- Opening Delimiter -

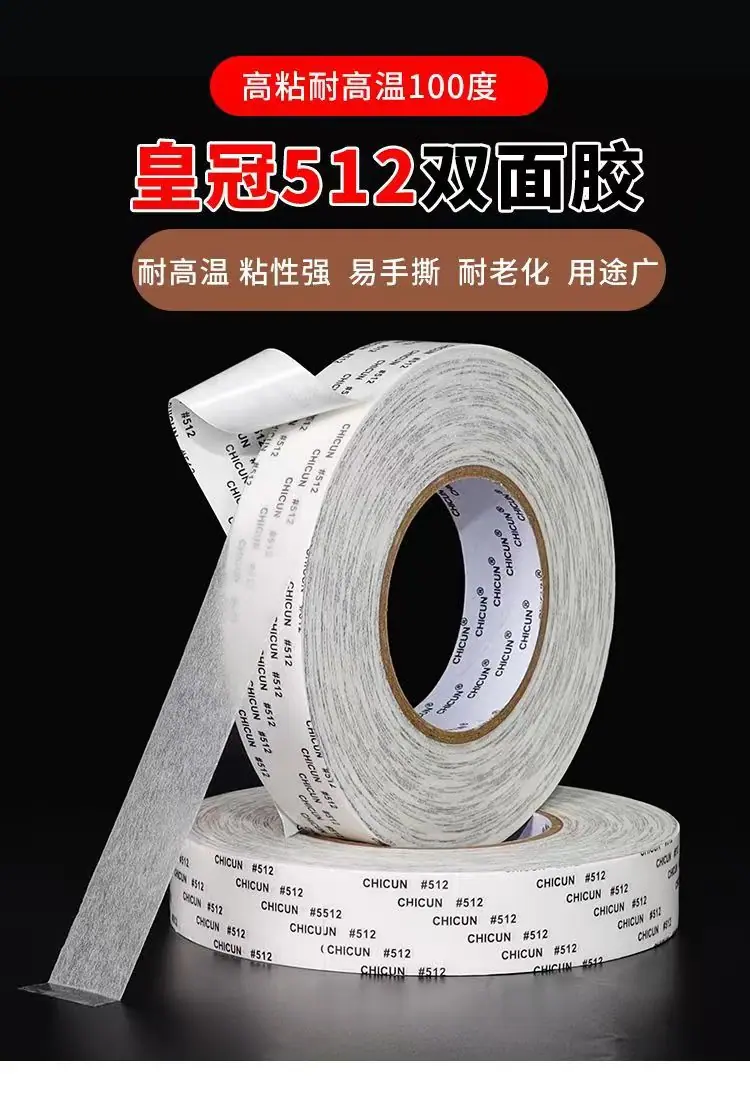 微信图片_20240820192427.jpg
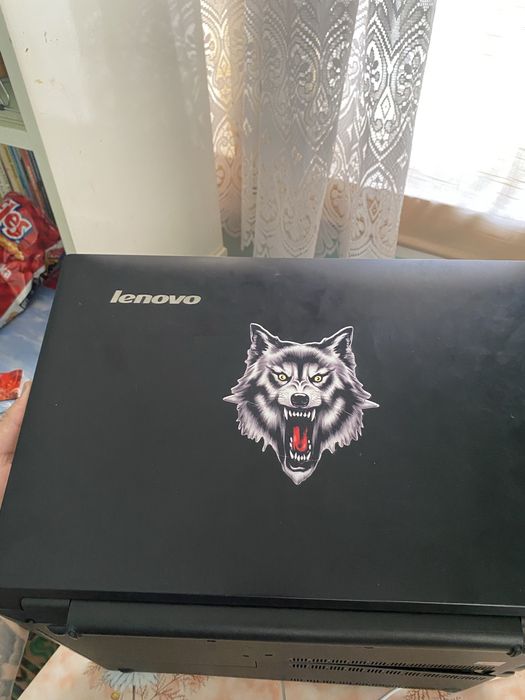 Laptop Lenovo B50-30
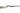 Maple Leaf MLC-338 Deluxe Sniper, Dark Earth Maple Leaf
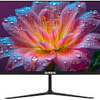 Монитор IRBIS SmartView IMVW22FV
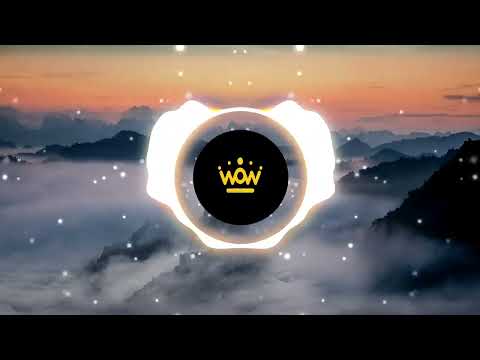 [FREE]Tropic Fun - Maiwan by Talia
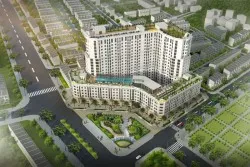 Sản phẩm  uploaded dự án Royal_chung cu condotel royal park bac ninh_rs_250x250 — Công Ty TNHH BNTECHCOM — MST 2300949515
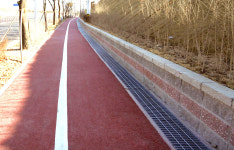 홍익콘크리트산업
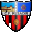CF Rusadir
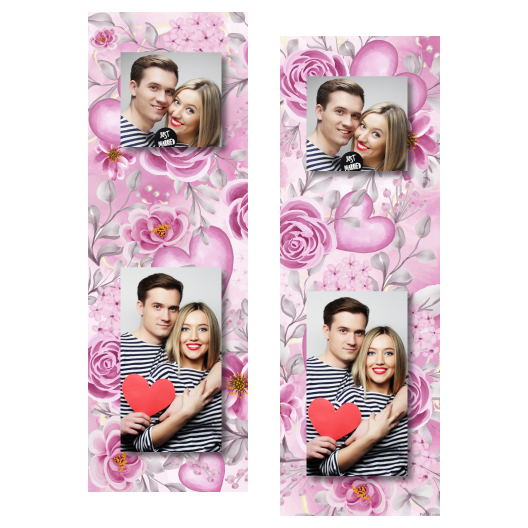 111-2-KP-BR-Wedding_Background-222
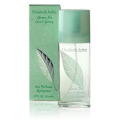 Elizabeth Arden
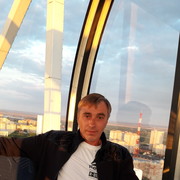  --,   , 56 ,   ,   , c 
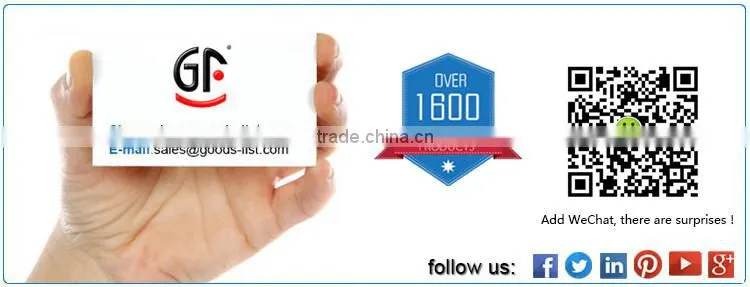 Wedding Decoration Colorful Free Samle Led Hair Fiber Braid With Top Quality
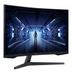 Monitor-gamer-curvo-SAMSUNG-32--G5-WQHD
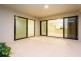 23 Phaeton Street, Upper Coomera QLD 4209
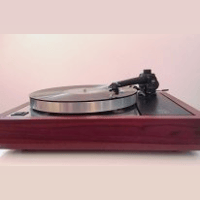 Kuzma 4Point 9 variant 2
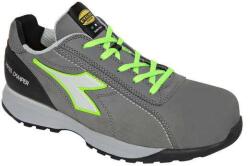 Diadora UTILITY GLOVE MD LOW S3-SRC-HRO munkavédelmi cipő (701.177664-C9546 39)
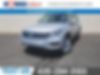 WVGBV7AX3JK000459-2018-volkswagen-tiguan-limited-0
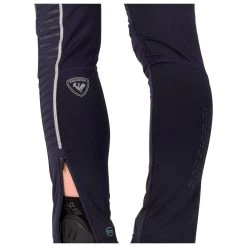 Pantalon Nordique Rossignol W Poursuite Pant Marine -MontBlanc Wear Magasin 9bdc63945cba49d610215174e9f96e63738ad2e7 H18ROSSTTB3253138 902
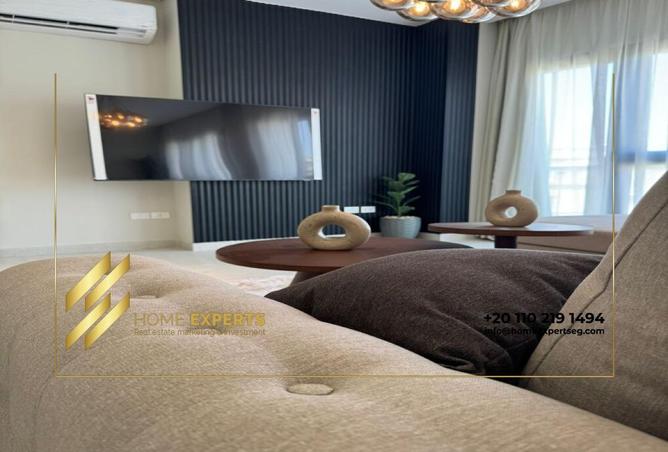 55511840 - Property Main Image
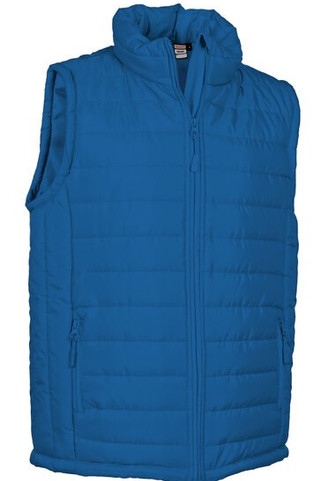 Valento CHVAFRA - Weste FRANK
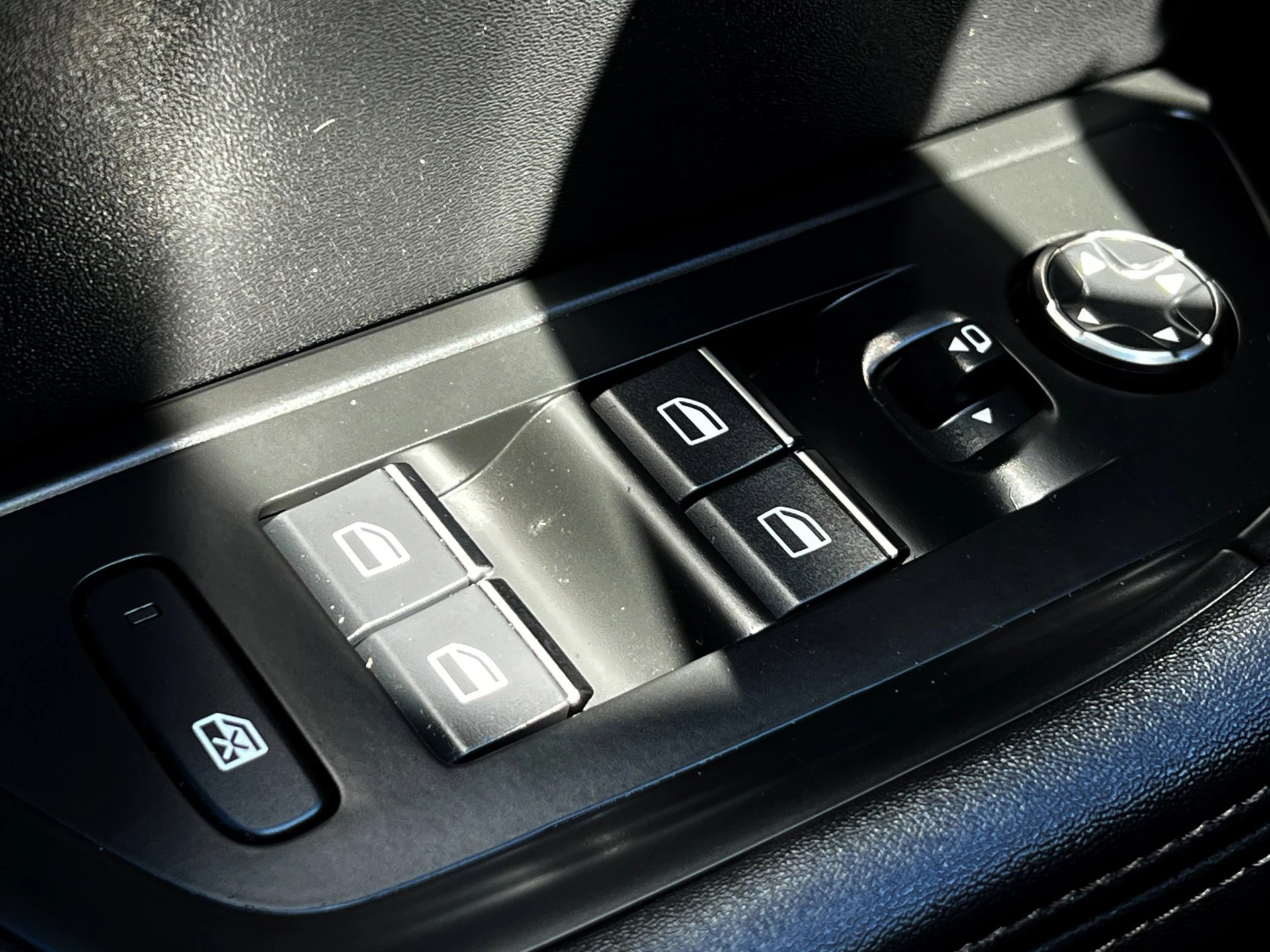 Hoofdafbeelding Peugeot 508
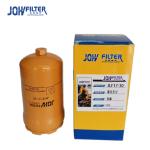 High Pressure Engine Oil Filters 689-29201000 KHJ10950 KHJ17730 For Sumitomo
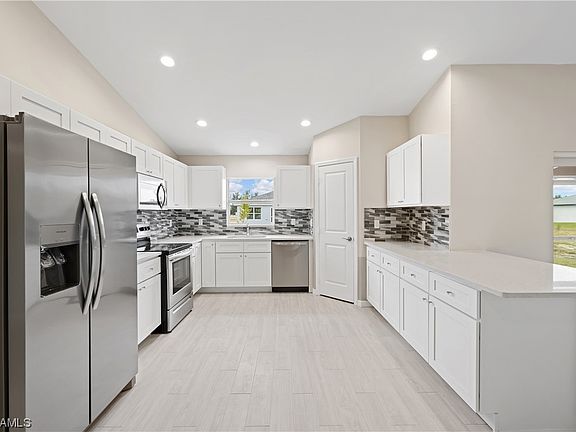 2nd image of 2914 NW 9th Ave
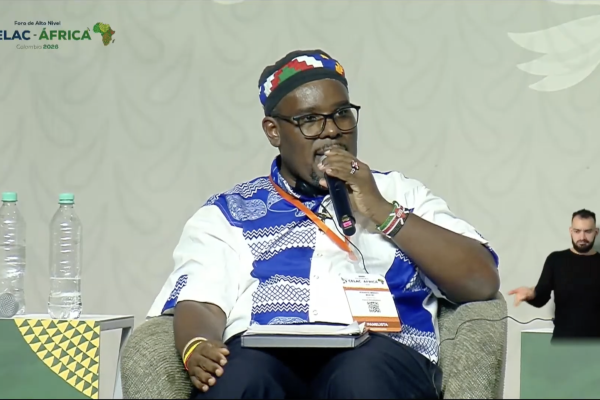 Captura de pantalla 2026-03-20 a la(s) 11.31.04 a.m.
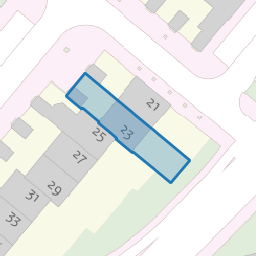 Perceel PPD00-A-5201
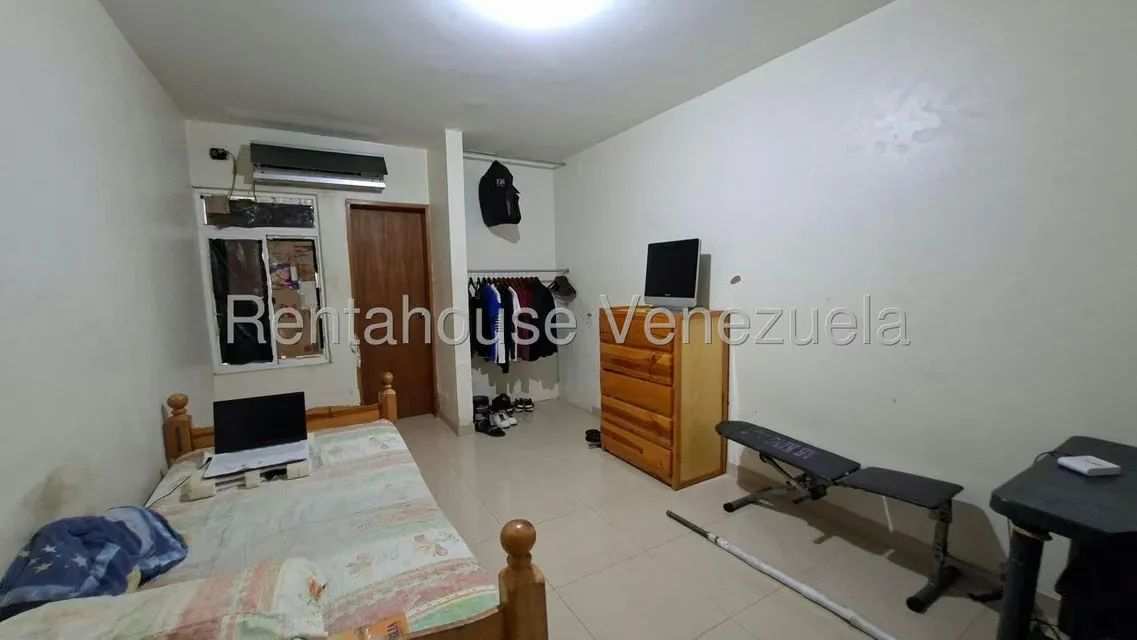 Casa (1 Nivel) en Venta en Los Modines, Zulia - 19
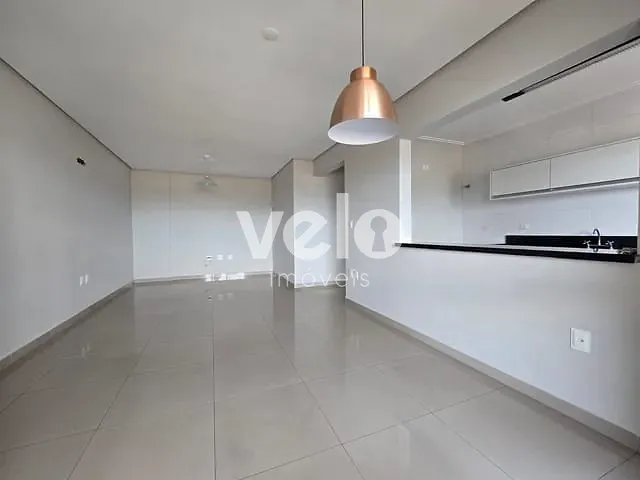 Apartamento 3 quartos e 2 banheiros, para alugar, no bairro Parque Residencial Bom Conselho em Taubaté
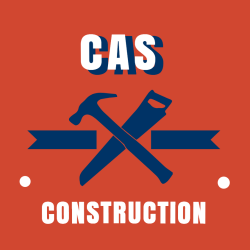CAS Construction 2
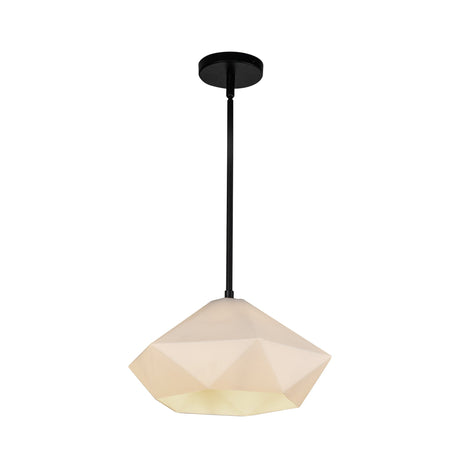 Alora Mood Krysta 14-in Pendant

- Closing Delimiter -

*Work instruction:* Although the records include pictures, output only their text, exactly and completely.

*Your solution:*
 微信图片_20240820192427.jpg
 Laptop Lenovo B50-30
 Maple Leaf MLC-338 Deluxe Sniper, Dark Earth Maple Leaf
 Монитор IRBIS SmartView IMVW22FV
 [FREE]Tropic Fun - Maiwan by Talia
 Sản phẩm  uploaded dự án Royal_chung cu condotel royal park bac ninh_rs_250x250 — Công Ty TNHH BNTECHCOM — MST 2300949515
 홍익콘크리트산업
CF Rusadir
 111-2-KP-BR-Wedding_Background-222
 Elizabeth Arden
  --,   , 56 ,   ,   , c 
 Wedding Decoration Colorful Free Samle Led Hair Fiber Braid With Top Quality
 Monitor-gamer-curvo-SAMSUNG-32--G5-WQHD
 23 Phaeton Street, Upper Coomera QLD 4209
 Kuzma 4Point 9 variant 2
 Diadora UTILITY GLOVE MD LOW S3-SRC-HRO munkavédelmi cipő (701.177664-C9546 39)
 WVGBV7AX3JK000459-2018-volkswagen-tiguan-limited-0
 Pantalon Nordique Rossignol W Poursuite Pant Marine -MontBlanc Wear Magasin 9bdc63945cba49d610215174e9f96e63738ad2e7 H18ROSSTTB3253138 902
 55511840 - Property Main Image
 Valento CHVAFRA - Weste FRANK
 Hoofdafbeelding Peugeot 508
 High Pressure Engine Oil Filters 689-29201000 KHJ10950 KHJ17730 For Sumitomo
 2nd image of 2914 NW 9th Ave
 Captura de pantalla 2026-03-20 a la(s) 11.31.04 a.m.
 Perceel PPD00-A-5201
 Casa (1 Nivel) en Venta en Los Modines, Zulia - 19
 Apartamento 3 quartos e 2 banheiros, para alugar, no bairro Parque Residencial Bom Conselho em Taubaté
CAS Construction 2
 Alora Mood Krysta 14-in Pendant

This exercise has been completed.